▶ [Records shown]:
____________________
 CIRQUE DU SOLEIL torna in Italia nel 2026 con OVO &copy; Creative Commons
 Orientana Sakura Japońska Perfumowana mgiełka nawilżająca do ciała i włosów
____________________
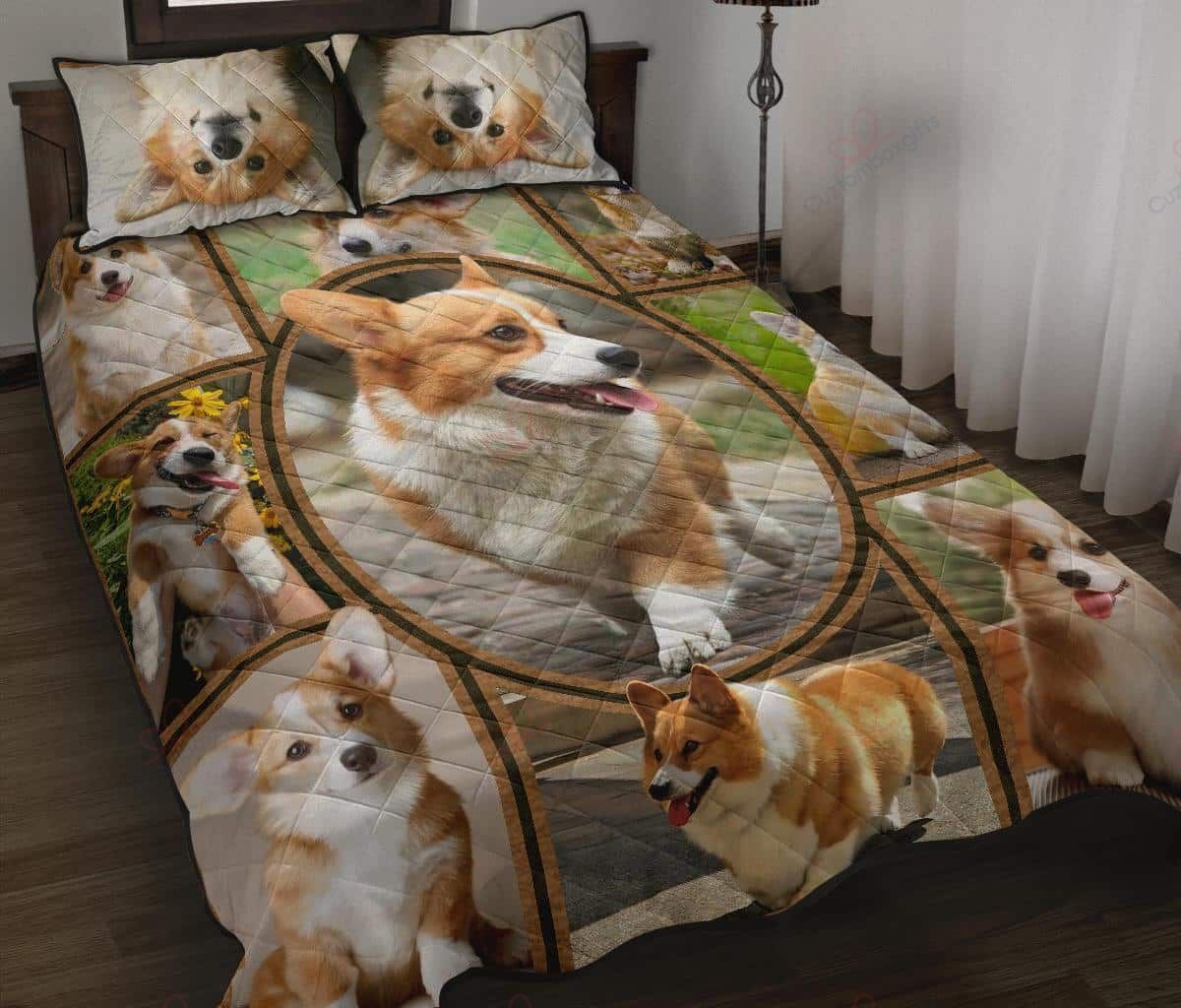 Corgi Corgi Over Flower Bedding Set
____________________
▶ [Problem to work on]: Repeat the entries above verbatim, but only from the line that has "CIRQUE DU SOLEIL" down to the line that has "Orientana Sakura Japońska", inclusive.

▶ [Answer box]:
 CIRQUE DU SOLEIL torna in Italia nel 2026 con OVO &copy; Creative Commons
 Orientana Sakura Japońska Perfumowana mgiełka nawilżająca do ciała i włosów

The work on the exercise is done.